**TASK BRIEF**
Provide again, from the entries below, every line from the one containing "Tote Bag Palm" through the one containing "5KG Load 60mm", exactly as written, and no other line.

**SOURCE MATERIAL**
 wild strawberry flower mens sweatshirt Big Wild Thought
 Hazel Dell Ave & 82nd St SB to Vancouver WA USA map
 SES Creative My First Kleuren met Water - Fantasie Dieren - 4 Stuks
...
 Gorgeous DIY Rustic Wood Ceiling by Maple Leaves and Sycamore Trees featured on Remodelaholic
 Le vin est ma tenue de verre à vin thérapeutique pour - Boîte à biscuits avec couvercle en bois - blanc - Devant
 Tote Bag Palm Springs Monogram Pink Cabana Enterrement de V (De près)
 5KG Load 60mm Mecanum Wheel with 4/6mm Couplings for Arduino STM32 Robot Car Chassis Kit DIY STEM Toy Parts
==
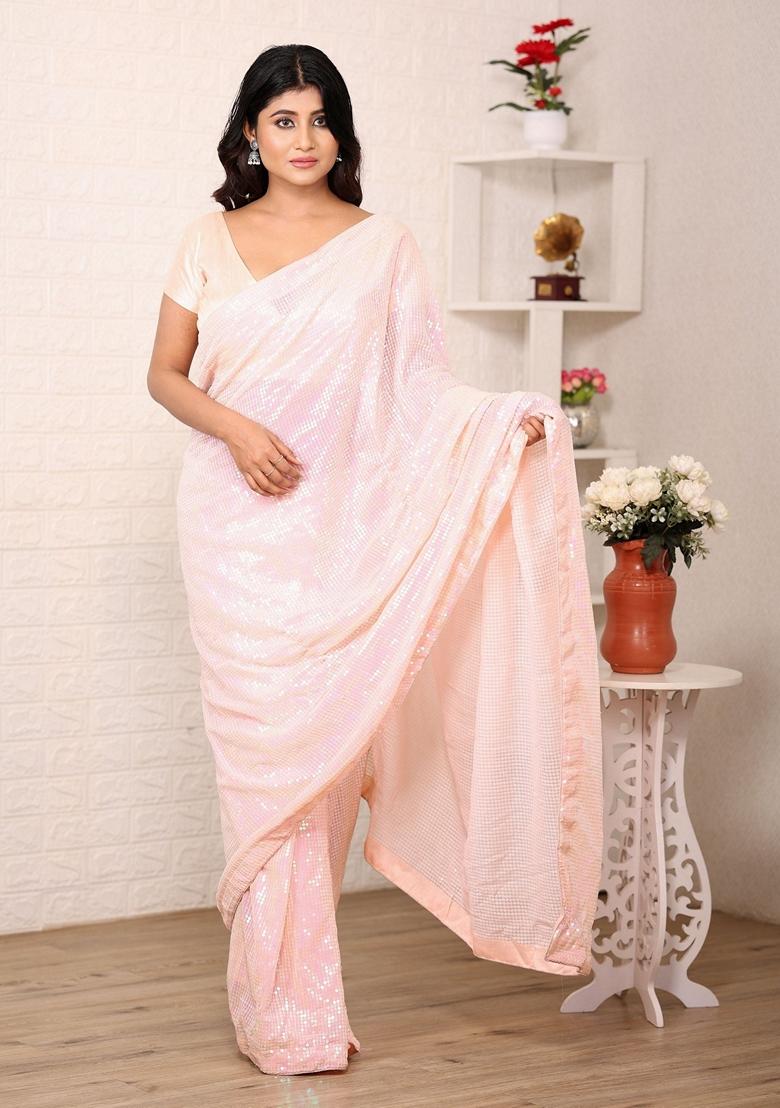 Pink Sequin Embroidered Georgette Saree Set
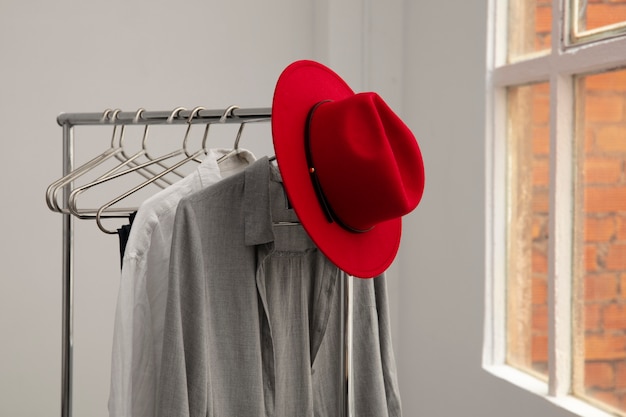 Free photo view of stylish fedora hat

**RESPONSE TO THIS TASK**
 Tote Bag Palm Springs Monogram Pink Cabana Enterrement de V (De près)
 5KG Load 60mm Mecanum Wheel with 4/6mm Couplings for Arduino STM32 Robot Car Chassis Kit DIY STEM Toy Parts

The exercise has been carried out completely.